▼

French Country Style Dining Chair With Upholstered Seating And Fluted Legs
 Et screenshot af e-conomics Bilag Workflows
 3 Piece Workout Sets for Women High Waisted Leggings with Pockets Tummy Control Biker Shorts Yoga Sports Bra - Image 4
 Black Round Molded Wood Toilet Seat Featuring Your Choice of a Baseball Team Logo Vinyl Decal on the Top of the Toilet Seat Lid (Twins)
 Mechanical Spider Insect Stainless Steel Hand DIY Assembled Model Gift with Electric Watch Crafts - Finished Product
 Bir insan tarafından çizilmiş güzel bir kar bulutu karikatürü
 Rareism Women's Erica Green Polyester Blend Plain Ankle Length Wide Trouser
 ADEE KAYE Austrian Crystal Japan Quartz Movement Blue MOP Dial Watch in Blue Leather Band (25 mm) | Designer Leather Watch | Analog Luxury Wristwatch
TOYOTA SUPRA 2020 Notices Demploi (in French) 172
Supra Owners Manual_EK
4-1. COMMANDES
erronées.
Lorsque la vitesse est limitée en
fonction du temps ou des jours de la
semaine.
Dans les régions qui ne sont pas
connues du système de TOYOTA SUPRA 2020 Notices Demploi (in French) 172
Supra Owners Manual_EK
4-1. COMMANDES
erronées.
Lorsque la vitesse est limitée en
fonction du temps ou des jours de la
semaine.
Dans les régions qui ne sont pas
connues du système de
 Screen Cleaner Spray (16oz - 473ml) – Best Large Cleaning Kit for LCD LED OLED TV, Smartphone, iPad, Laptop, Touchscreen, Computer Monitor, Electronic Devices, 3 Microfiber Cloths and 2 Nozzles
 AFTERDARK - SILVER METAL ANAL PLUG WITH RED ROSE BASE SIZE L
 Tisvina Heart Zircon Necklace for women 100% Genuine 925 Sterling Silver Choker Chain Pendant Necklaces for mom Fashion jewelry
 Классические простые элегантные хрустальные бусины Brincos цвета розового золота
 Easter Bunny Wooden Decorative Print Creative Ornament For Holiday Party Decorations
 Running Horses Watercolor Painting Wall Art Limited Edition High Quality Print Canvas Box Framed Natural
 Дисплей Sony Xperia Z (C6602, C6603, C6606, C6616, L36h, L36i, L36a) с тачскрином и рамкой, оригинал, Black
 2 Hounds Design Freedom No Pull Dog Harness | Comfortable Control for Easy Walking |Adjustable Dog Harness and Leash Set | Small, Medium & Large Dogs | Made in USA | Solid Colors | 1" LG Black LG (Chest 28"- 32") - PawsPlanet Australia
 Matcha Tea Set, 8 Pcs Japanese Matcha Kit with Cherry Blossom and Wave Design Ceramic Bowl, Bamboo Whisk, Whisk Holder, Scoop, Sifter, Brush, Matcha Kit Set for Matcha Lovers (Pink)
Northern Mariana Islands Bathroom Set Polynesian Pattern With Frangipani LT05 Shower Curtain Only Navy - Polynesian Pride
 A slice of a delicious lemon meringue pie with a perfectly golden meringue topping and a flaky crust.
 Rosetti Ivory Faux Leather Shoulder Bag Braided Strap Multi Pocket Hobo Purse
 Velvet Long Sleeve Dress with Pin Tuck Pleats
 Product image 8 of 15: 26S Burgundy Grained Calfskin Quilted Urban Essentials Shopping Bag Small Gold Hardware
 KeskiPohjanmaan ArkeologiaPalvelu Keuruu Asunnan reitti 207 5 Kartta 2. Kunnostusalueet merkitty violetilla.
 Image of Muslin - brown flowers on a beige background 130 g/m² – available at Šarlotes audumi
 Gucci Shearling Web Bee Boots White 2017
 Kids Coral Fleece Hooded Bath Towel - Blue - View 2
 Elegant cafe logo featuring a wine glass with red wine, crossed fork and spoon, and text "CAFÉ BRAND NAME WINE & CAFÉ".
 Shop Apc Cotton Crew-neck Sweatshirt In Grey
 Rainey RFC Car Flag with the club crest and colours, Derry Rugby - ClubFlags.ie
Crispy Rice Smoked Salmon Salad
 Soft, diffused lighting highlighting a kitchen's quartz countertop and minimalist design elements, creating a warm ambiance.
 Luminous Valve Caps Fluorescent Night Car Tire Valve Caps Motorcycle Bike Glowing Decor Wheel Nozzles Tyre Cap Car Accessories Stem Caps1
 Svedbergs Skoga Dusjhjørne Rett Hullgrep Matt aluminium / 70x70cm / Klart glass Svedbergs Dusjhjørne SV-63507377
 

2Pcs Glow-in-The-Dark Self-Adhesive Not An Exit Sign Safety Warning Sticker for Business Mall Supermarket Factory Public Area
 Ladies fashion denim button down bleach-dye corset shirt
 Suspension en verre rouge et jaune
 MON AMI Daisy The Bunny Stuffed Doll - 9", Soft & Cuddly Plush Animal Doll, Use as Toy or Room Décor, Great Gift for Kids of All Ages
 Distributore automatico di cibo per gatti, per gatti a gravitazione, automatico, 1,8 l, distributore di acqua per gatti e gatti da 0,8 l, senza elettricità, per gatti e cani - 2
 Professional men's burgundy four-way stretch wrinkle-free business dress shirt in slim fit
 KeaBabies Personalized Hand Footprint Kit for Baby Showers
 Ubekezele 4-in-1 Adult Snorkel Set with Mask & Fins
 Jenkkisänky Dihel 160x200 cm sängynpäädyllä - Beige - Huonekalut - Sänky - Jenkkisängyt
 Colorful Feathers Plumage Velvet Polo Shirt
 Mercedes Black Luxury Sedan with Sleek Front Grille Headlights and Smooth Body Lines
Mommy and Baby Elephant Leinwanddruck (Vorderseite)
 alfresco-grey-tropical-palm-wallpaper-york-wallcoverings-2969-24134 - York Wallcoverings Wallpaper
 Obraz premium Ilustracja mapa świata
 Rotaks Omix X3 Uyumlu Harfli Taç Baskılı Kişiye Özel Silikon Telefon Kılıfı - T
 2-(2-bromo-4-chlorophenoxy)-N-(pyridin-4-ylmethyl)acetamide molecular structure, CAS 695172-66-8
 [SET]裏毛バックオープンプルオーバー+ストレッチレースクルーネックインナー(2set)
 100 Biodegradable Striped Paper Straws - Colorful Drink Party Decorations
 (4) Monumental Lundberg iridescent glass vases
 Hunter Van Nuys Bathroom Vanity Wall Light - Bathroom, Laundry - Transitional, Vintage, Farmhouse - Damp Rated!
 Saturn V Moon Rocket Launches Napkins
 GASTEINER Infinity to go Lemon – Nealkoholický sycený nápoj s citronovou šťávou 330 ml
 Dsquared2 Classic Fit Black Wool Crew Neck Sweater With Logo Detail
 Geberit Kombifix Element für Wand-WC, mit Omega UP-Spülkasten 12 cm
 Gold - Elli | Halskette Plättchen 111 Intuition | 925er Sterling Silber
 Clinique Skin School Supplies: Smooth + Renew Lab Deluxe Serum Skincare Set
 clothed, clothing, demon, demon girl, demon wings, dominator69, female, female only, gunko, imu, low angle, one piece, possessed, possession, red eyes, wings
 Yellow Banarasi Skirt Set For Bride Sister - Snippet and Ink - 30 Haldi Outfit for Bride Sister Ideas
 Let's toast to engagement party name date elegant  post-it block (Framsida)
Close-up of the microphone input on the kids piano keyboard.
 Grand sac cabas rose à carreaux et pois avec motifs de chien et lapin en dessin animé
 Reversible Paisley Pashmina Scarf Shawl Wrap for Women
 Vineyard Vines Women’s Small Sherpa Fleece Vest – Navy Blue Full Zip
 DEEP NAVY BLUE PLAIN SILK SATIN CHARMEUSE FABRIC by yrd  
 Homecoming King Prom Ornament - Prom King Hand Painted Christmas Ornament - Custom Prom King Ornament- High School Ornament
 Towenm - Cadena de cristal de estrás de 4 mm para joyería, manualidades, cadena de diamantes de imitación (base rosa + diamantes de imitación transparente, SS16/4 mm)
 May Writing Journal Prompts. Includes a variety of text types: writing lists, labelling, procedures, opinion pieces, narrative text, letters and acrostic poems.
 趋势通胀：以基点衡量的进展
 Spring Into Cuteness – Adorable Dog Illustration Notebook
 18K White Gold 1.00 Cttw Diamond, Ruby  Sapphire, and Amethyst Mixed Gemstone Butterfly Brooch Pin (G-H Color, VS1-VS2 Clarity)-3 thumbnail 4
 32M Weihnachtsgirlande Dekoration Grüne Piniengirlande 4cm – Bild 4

▲

If a line of the records above holds the word "Colorful", show it.

**Answer space**
 Colorful Feathers Plumage Velvet Polo Shirt
 100 Biodegradable Striped Paper Straws - Colorful Drink Party Decorations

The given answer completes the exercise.